# GWPCA on NYC Airbnb Listings

**Dataset**: [NYC Airbnb Open Data](https://www.kaggle.com/datasets/dgomonov/new-york-city-airbnb-open-data) — 48 895 listings across the five New York City boroughs, each described by price, review activity, availability, and host behaviour features.

**Question**: Do Airbnb pricing dynamics operate the same way across all NYC boroughs, or does the correlation structure between price, demand, and availability shift spatially?

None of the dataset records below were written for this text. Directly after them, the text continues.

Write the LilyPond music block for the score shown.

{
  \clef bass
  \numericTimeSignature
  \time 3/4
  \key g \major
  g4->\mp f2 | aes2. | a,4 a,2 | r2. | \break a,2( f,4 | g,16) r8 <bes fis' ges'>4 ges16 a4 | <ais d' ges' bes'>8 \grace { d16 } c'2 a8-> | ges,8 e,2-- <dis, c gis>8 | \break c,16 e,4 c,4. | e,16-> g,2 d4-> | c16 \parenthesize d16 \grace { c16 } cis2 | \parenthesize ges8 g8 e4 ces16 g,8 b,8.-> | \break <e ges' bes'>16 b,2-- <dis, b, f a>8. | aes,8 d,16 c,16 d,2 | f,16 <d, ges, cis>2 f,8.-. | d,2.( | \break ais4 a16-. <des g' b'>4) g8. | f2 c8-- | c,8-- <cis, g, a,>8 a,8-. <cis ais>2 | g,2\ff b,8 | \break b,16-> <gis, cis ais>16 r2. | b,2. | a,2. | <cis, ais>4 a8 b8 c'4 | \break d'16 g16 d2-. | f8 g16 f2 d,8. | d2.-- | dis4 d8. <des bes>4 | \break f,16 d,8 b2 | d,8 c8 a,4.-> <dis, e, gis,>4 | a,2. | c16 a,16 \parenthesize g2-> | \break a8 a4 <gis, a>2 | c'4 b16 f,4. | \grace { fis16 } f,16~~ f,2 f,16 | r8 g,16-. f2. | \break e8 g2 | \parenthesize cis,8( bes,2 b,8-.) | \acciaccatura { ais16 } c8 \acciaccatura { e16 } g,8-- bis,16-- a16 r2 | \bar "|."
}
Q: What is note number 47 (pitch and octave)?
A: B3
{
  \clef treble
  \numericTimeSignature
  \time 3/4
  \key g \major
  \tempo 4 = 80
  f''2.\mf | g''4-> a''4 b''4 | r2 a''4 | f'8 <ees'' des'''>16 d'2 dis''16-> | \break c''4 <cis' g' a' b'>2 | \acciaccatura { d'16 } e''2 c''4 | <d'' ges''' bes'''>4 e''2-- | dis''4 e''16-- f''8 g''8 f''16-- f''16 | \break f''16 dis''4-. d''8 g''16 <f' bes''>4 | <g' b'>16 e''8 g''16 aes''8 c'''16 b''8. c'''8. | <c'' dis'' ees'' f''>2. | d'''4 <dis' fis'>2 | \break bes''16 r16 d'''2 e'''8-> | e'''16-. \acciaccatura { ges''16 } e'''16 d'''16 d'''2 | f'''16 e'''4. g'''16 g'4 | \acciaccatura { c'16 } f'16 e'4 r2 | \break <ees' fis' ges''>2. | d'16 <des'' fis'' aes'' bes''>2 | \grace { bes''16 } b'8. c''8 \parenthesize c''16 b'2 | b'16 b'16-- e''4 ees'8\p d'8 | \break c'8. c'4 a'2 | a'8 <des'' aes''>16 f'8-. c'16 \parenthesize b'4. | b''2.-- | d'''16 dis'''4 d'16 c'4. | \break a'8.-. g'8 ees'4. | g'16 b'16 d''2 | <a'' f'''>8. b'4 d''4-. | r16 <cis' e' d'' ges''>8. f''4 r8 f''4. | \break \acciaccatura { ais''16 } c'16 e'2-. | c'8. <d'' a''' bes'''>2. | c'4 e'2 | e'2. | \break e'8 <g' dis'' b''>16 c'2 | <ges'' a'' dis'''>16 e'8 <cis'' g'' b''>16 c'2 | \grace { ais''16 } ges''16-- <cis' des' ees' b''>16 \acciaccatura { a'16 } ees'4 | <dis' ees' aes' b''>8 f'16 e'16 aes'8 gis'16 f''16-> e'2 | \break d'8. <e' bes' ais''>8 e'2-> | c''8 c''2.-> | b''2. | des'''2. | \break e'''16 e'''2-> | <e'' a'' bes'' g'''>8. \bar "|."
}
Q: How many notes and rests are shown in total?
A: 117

Global PCA can only answer this with a single average answer.  GWPCA computes a local covariance matrix for each listing using only its geographic neighbours, revealing how the dominant axes of variation change from Manhattan to the outer boroughs.

In [4]:
!pip install -q "geolatent[umap]" kaggle

In [6]:
from google.colab import files
uploaded = files.upload()

Saving AB_NYC_2019.csv to AB_NYC_2019 (1).csv


---
## Load and Prepare

In [7]:
import numpy as np
import pandas as pd
import plotly.graph_objects as go
import plotly.io as pio
from sklearn.preprocessing import StandardScaler
from geolatent import inspect_latent_space, DARK_SCIENTIFIC
import matplotlib.pyplot as plt
from scipy import stats

df = pd.read_csv("AB_NYC_2019.csv")

print("Original Shape:", df.shape)
df.head()

Original Shape: (48895, 16)


Unnamed: 0,id,name,host_id,host_name,neighbourhood_group,neighbourhood,latitude,longitude,room_type,price,minimum_nights,number_of_reviews,last_review,reviews_per_month,calculated_host_listings_count,availability_365
0,2539,Clean & quiet apt home by the park,2787,John,Brooklyn,Kensington,40.64749,-73.97237,Private room,149,1,9,2018-10-19,0.21,6,365
1,2595,Skylit Midtown Castle,2845,Jennifer,Manhattan,Midtown,40.75362,-73.98377,Entire home/apt,225,1,45,2019-05-21,0.38,2,355
2,3647,THE VILLAGE OF HARLEM....NEW YORK !,4632,Elisabeth,Manhattan,Harlem,40.80902,-73.9419,Private room,150,3,0,,,1,365
3,3831,Cozy Entire Floor of Brownstone,4869,LisaRoxanne,Brooklyn,Clinton Hill,40.68514,-73.95976,Entire home/apt,89,1,270,2019-07-05,4.64,1,194
4,5022,Entire Apt: Spacious Studio/Loft by central park,7192,Laura,Manhattan,East Harlem,40.79851,-73.94399,Entire home/apt,80,10,9,2018-11-19,0.1,1,0


In [8]:
# Drop rows missing coordinates or price
df = df.dropna(subset=["latitude", "longitude", "price",
                        "reviews_per_month", "availability_365"])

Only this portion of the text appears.